MATERIALS AND METHODS
Animal and protocol
This study consisted sixty male Sprague Dawley rats (Harlan Laboratories Limited, Jerusalem, Israel), weighing 200-280 g. Rats were housed in regular cages situated in an animal room at 22°C, maintained on standard rat chow diet (Koffolk, Tel Aviv, Israel) and given tap water to drink ad libitum. All animal studies were conducted according to the regulations for the use and care of experimental animals and treatment groups.
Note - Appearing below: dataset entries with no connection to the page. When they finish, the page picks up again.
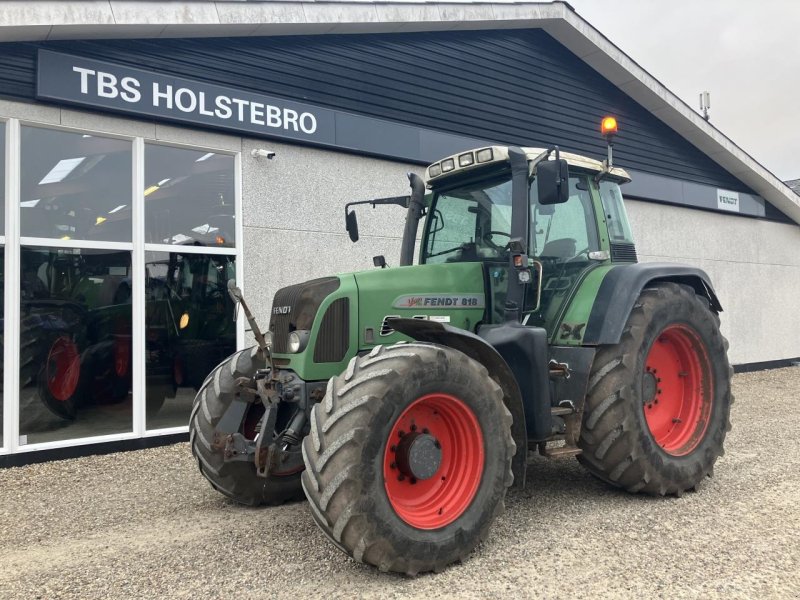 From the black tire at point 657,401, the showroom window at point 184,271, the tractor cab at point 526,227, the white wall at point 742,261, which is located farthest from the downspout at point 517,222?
the white wall at point 742,261

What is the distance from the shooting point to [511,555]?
349cm

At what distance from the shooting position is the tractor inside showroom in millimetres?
3215

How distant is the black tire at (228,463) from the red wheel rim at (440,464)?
1265 mm

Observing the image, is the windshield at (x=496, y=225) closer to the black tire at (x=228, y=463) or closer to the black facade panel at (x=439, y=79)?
the black tire at (x=228, y=463)

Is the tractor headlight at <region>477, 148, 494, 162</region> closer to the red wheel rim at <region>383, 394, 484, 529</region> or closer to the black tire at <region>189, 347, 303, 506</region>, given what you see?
the red wheel rim at <region>383, 394, 484, 529</region>

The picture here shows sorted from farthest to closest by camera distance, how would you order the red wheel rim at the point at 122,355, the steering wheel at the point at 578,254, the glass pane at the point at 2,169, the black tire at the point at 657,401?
the red wheel rim at the point at 122,355 < the glass pane at the point at 2,169 < the steering wheel at the point at 578,254 < the black tire at the point at 657,401

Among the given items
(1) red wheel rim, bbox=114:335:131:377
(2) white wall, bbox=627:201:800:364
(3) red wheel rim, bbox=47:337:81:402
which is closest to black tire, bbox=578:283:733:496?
(1) red wheel rim, bbox=114:335:131:377

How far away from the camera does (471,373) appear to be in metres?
3.54

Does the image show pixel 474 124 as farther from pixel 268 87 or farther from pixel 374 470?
pixel 374 470

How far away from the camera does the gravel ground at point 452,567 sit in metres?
3.16

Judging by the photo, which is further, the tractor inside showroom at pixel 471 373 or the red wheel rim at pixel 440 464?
the red wheel rim at pixel 440 464

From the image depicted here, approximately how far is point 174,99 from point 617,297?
5.28 metres

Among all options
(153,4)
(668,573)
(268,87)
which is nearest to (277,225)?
(268,87)

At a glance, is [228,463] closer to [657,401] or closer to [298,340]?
[298,340] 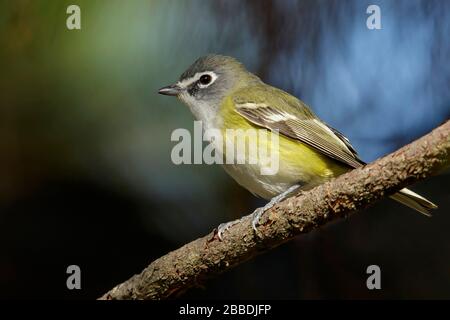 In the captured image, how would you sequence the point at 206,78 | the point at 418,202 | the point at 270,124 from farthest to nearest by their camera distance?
the point at 206,78, the point at 270,124, the point at 418,202

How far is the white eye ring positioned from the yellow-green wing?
141 mm

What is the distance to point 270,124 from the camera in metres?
2.55

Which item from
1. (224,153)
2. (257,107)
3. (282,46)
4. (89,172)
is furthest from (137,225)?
(282,46)

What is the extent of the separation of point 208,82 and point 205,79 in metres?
0.05

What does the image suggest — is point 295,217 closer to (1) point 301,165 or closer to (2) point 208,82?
(1) point 301,165

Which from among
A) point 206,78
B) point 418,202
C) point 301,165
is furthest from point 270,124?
point 418,202

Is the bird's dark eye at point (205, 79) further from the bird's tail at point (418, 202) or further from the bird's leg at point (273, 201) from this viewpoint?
the bird's tail at point (418, 202)

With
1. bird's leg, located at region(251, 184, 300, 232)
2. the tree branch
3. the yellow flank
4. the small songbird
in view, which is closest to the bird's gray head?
the small songbird

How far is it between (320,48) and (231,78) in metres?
0.81

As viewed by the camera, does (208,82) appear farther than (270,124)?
Yes

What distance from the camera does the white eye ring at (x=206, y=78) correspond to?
2.68 m

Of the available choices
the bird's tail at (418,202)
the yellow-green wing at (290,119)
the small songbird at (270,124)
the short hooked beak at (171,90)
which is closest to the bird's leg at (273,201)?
the small songbird at (270,124)

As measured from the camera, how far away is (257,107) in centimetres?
264

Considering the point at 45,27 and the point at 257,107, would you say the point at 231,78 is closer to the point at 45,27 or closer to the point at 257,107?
the point at 257,107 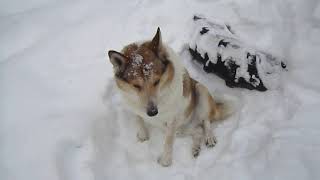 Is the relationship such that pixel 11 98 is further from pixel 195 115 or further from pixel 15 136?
pixel 195 115

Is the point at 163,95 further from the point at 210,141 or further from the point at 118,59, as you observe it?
the point at 210,141

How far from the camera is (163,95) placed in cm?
390

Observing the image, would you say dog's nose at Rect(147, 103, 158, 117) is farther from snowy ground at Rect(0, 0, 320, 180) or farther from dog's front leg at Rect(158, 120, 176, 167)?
snowy ground at Rect(0, 0, 320, 180)

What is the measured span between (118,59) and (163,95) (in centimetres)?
63

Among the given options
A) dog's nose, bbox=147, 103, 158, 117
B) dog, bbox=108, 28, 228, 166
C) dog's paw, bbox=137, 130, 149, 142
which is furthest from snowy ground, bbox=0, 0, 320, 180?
dog's nose, bbox=147, 103, 158, 117

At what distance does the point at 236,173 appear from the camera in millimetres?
3914


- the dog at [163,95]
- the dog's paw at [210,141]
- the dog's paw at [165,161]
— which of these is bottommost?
the dog's paw at [165,161]

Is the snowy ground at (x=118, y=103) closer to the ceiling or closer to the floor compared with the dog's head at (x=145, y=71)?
closer to the floor

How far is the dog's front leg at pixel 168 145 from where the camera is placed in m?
4.22

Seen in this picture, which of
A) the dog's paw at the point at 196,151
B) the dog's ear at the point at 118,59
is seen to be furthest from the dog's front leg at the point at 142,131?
the dog's ear at the point at 118,59

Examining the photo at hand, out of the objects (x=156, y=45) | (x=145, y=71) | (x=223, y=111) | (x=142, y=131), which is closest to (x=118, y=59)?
(x=145, y=71)

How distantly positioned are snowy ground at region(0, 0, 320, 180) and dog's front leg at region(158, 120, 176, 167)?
4.7 inches

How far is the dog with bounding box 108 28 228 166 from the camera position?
3.63m

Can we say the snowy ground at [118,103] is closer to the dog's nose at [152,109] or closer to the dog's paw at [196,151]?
the dog's paw at [196,151] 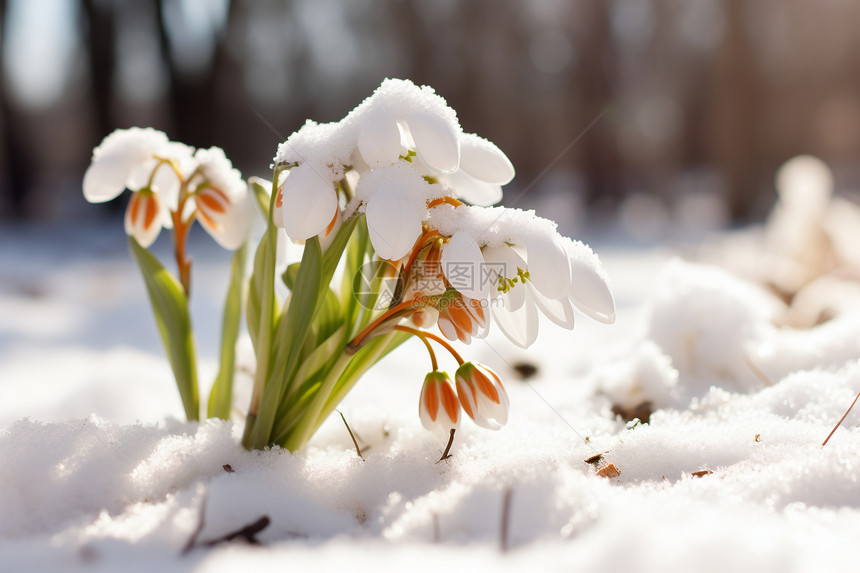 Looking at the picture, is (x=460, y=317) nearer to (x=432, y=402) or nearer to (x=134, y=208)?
(x=432, y=402)

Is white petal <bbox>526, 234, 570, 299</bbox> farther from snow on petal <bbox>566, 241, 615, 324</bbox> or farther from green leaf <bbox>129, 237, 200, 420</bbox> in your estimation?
green leaf <bbox>129, 237, 200, 420</bbox>

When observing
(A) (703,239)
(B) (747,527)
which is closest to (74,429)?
(B) (747,527)

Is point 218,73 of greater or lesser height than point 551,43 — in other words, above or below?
below

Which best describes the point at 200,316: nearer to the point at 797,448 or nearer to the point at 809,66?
the point at 797,448

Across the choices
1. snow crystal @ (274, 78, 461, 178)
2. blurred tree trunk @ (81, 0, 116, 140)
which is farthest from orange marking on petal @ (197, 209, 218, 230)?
blurred tree trunk @ (81, 0, 116, 140)

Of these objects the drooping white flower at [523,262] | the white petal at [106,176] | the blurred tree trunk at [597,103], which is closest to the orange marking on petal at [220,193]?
the white petal at [106,176]

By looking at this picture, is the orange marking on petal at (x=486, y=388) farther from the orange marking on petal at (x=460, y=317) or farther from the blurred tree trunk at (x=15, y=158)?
the blurred tree trunk at (x=15, y=158) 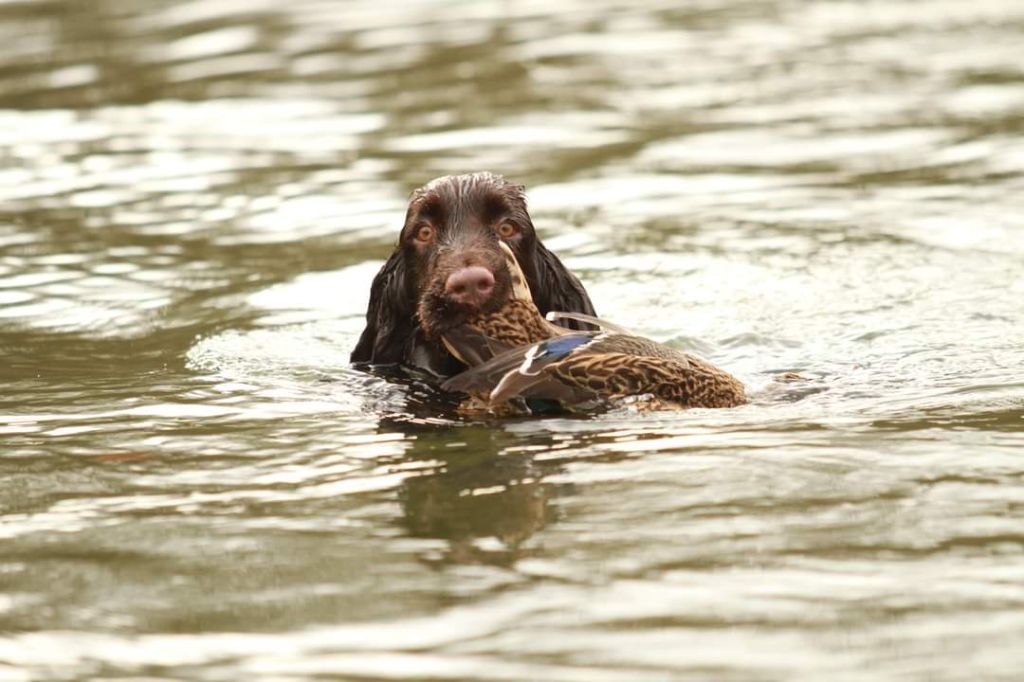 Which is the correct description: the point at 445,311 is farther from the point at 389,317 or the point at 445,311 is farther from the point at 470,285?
the point at 389,317

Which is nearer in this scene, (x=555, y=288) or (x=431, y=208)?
(x=431, y=208)

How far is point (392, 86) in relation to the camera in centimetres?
1535

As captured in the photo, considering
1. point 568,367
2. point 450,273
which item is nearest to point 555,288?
point 450,273

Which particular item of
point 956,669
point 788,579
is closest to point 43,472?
point 788,579

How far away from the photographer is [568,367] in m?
6.04

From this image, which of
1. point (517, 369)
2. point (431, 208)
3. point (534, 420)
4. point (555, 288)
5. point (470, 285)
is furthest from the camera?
point (555, 288)

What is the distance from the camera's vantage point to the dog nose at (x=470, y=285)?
6270mm

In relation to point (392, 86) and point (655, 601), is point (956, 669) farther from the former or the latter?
point (392, 86)

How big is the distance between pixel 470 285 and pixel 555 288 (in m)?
1.51

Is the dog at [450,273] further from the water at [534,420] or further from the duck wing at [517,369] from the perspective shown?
the water at [534,420]

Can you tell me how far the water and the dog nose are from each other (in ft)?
1.56

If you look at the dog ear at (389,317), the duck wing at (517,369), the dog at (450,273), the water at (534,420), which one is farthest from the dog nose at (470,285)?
the dog ear at (389,317)

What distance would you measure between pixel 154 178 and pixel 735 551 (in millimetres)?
8669

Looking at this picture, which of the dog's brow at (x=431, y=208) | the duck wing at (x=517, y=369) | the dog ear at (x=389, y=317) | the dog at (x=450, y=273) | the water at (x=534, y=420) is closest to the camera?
the water at (x=534, y=420) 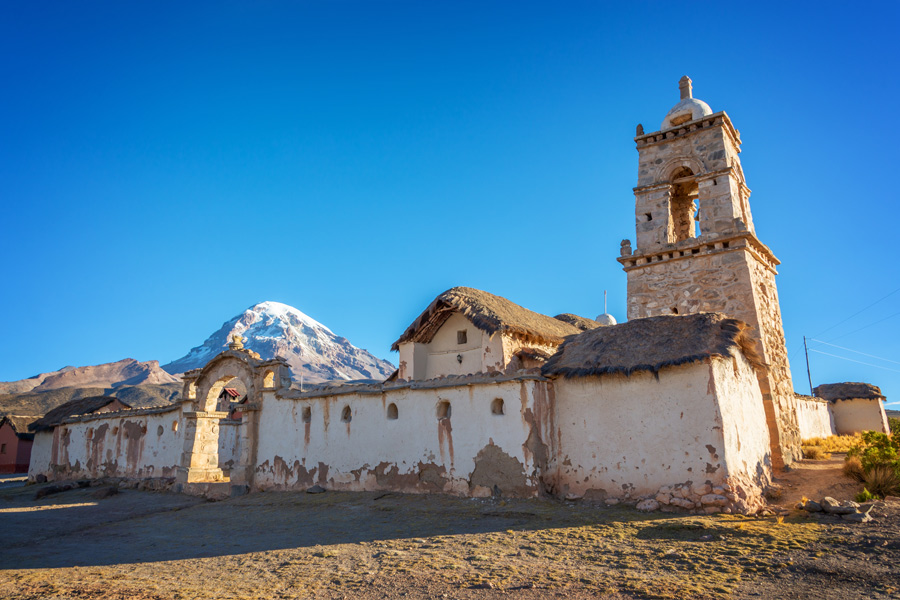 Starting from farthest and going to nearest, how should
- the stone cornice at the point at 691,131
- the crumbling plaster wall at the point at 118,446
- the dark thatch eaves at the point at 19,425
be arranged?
the dark thatch eaves at the point at 19,425
the crumbling plaster wall at the point at 118,446
the stone cornice at the point at 691,131

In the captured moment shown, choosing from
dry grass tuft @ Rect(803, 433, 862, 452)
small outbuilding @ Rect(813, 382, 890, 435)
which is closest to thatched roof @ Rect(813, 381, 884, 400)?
small outbuilding @ Rect(813, 382, 890, 435)


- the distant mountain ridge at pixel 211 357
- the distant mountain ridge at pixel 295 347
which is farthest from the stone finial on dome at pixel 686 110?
the distant mountain ridge at pixel 295 347

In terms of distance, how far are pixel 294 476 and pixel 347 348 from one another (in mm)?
148550

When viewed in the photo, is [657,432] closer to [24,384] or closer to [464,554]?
[464,554]

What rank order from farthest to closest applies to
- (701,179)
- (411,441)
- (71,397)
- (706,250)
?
(71,397) → (701,179) → (706,250) → (411,441)

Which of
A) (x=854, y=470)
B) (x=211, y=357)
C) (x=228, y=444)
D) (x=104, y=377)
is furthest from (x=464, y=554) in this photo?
(x=104, y=377)

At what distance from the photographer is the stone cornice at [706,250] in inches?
576

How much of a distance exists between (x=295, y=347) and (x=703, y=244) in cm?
13814

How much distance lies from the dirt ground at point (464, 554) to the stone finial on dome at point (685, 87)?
1194 centimetres

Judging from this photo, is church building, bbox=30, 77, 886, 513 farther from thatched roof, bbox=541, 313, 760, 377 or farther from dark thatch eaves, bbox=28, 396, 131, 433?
dark thatch eaves, bbox=28, 396, 131, 433

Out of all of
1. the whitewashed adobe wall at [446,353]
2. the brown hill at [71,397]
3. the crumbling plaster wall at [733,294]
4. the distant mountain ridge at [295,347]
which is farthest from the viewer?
the distant mountain ridge at [295,347]

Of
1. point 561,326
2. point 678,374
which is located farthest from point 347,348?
point 678,374

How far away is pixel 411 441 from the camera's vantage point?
11.3 m

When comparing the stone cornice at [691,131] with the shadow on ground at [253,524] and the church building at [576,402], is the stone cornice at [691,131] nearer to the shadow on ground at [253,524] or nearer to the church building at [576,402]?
the church building at [576,402] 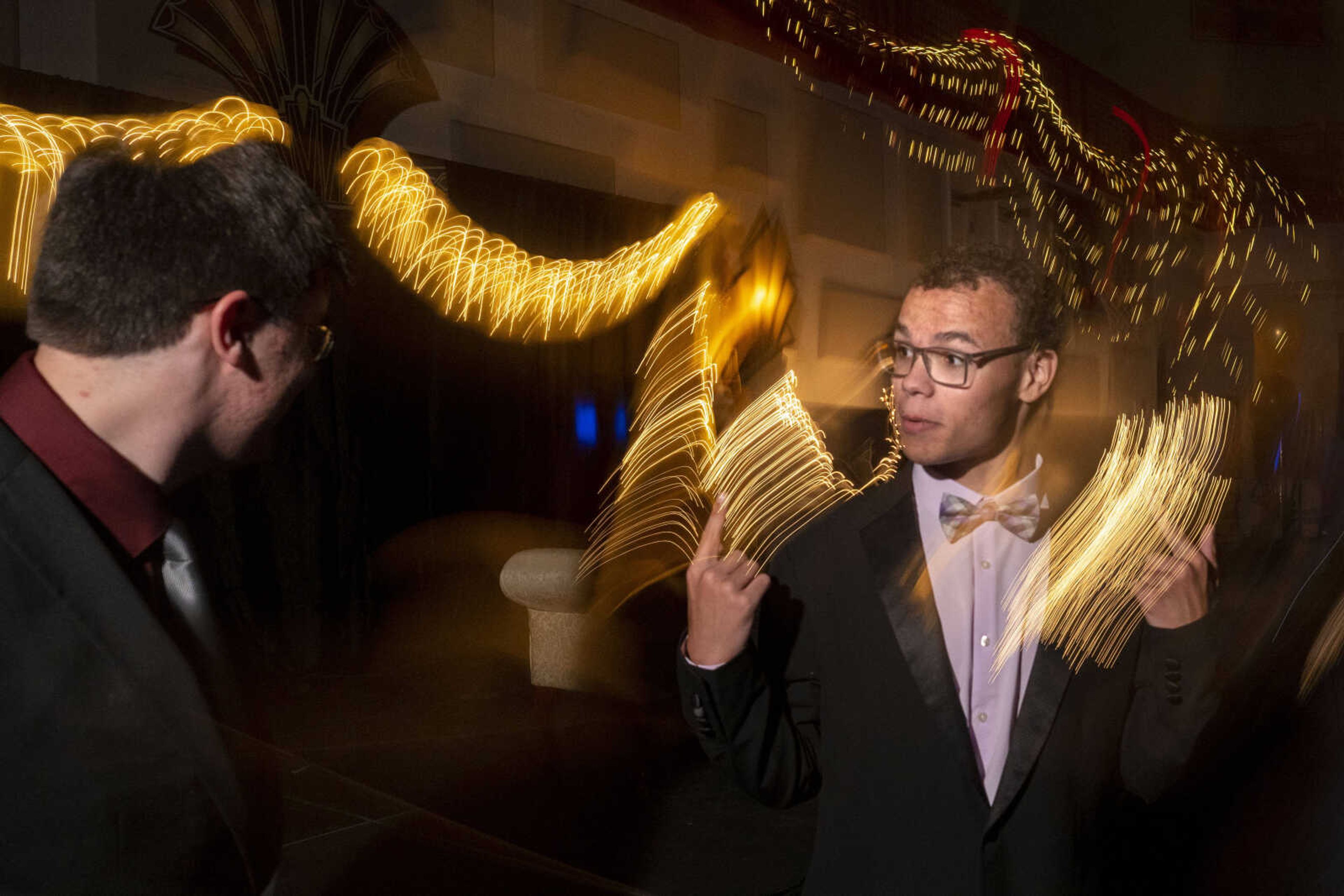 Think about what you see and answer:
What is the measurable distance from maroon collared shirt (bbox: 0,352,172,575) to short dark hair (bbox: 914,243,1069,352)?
1.16 m

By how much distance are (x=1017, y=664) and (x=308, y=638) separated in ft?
17.1

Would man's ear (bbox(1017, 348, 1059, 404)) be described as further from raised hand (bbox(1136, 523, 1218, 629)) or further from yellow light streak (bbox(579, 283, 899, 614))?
yellow light streak (bbox(579, 283, 899, 614))

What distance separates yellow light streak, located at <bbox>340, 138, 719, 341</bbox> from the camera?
6246 mm

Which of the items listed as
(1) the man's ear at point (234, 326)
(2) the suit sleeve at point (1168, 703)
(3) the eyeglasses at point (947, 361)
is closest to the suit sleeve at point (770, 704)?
(3) the eyeglasses at point (947, 361)

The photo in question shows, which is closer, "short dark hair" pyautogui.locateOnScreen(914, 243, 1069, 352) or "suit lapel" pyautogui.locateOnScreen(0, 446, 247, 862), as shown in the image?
"suit lapel" pyautogui.locateOnScreen(0, 446, 247, 862)

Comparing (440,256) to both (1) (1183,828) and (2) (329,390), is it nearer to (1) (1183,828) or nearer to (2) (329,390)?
(2) (329,390)

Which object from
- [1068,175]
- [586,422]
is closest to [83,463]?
[586,422]

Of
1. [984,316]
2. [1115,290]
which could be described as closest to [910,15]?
[1115,290]

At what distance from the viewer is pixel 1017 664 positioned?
1.62 m

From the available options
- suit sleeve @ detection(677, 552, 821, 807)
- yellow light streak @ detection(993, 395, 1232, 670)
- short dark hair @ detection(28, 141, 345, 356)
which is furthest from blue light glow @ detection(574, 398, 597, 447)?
short dark hair @ detection(28, 141, 345, 356)

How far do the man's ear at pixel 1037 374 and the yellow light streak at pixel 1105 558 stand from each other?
23 centimetres

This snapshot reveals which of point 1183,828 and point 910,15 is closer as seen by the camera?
point 1183,828

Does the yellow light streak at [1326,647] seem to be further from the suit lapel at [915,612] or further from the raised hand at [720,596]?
the raised hand at [720,596]

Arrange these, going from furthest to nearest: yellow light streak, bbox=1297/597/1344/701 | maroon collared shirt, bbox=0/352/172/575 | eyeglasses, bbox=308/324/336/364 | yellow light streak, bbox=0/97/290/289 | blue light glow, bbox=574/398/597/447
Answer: blue light glow, bbox=574/398/597/447
yellow light streak, bbox=0/97/290/289
yellow light streak, bbox=1297/597/1344/701
eyeglasses, bbox=308/324/336/364
maroon collared shirt, bbox=0/352/172/575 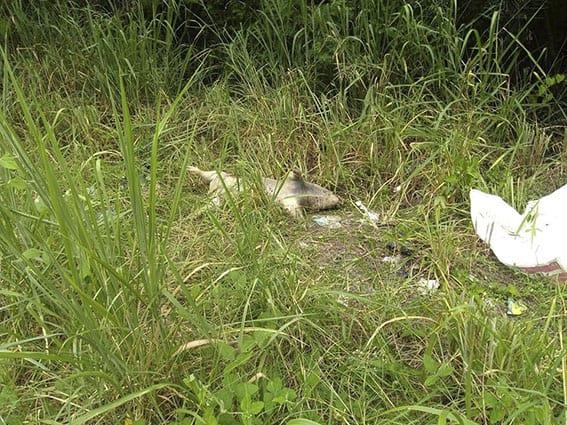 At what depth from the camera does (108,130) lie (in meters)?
3.14

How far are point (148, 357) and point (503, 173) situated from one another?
171cm

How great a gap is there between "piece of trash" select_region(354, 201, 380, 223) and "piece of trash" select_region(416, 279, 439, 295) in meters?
0.42

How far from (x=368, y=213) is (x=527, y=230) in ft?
1.89

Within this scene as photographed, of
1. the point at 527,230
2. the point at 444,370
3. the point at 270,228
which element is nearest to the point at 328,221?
the point at 270,228

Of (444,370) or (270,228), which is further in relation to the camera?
(270,228)

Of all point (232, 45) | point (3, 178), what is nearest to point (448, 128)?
point (232, 45)

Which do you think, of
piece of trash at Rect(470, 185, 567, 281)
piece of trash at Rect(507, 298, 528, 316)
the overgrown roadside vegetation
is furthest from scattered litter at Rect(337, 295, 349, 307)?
piece of trash at Rect(470, 185, 567, 281)

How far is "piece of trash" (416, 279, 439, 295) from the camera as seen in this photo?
7.18ft

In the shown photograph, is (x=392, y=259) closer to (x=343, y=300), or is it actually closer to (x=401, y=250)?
(x=401, y=250)

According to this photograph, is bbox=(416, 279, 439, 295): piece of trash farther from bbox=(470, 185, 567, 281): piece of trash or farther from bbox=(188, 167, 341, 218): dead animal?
bbox=(188, 167, 341, 218): dead animal

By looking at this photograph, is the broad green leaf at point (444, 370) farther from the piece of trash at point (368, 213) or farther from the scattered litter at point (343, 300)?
the piece of trash at point (368, 213)

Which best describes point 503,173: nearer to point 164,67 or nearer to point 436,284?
point 436,284

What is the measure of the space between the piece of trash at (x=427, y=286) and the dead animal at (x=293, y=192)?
0.56m

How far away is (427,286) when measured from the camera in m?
2.24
FL was induced in rats fed by MCDD diet for 9 wk as previously described[19,20]. The rats were randomly divided into nine groups. Group 1 comprised of 6 rats serving as control group and was maintained on standard chow diet (control liver, CL). Group 2 (FL group or NAFLD group) was given MCDD only for 9 wk (MCDD Harlan Teeklad, Madison, WI). The following groups were given various pharmaceutical interventions for additional 6 wk: Group 3 received MCDD diet with metformin (200 mg/kg); Group 4 received MCDD diet with rosiglitazone (3 mg/kg); Group 5 was fed MCDD diet with metformin + rosiglitazone; Group 6 received MCDD diet with ezetimibe (2 mg/kg); Group 7 were fed MCDD diet with valsartan (2 mg/kg); Group 8 received MCDD diet with metformin + rosiglitazone + valsartan; and Group 9 received MCDD diet with metformin + rosiglitazone + valsartan + ezetimibe. All treatment groups were treated for a total of 15 wk (9 + 6 wk). The dosage selected for each intervention was based on the results of previous studies using these agents in various liver diseases and the dose of each drug was controlled by semi-quantitative analysis[16-18]. Diets were supplied in pellet form. The medication was given with food and in drinking water. Simply the MCD diet was supplemented with the respective drug and not with a semi-purified diet. All the drugs were water soluble and there was no need for additional solvents. The drugs were monitored daily and were supplied by the local pharmacy of the Sieff Hospital, Safed, Israel and not by pharmaceutical companies. Rats were then sacrificed and liver histology, hepatic and plasma lipid content, parameters of oxidative stress, and TNF-α were measured.
Biochemistry
Serum triglyceride (TG) concentration was measured with an automated analyzer (Olympus AU2700; Hamburg, Germany). Additional biochemical parameters, such as serum total cholesterol (TC) and glucose, were measured using an automatic biochemical analytical system. Alanine (ALT) transaminase activities were performed spectrophotometrically using a commercially available kit test (ALT Reagents, Sigma-Aldrich). Tumor necrosis factor alpha (TNF-α) was assayed by rat-specific kit (R&D Systems). Insulin was assayed by a rat-specific RIA kit (Incstar, Stillwater, MI). Blood insulin resistance was estimated using the homeostasis model assessment (HOMA-IR) derived from the following equation: IR = (fasting plasma glucose level mg% × 0.055) × (fasting plasma insulin level mU/L) /22.5). This insulin resistance reflects both peripheral and hepatic insulin resistance[21].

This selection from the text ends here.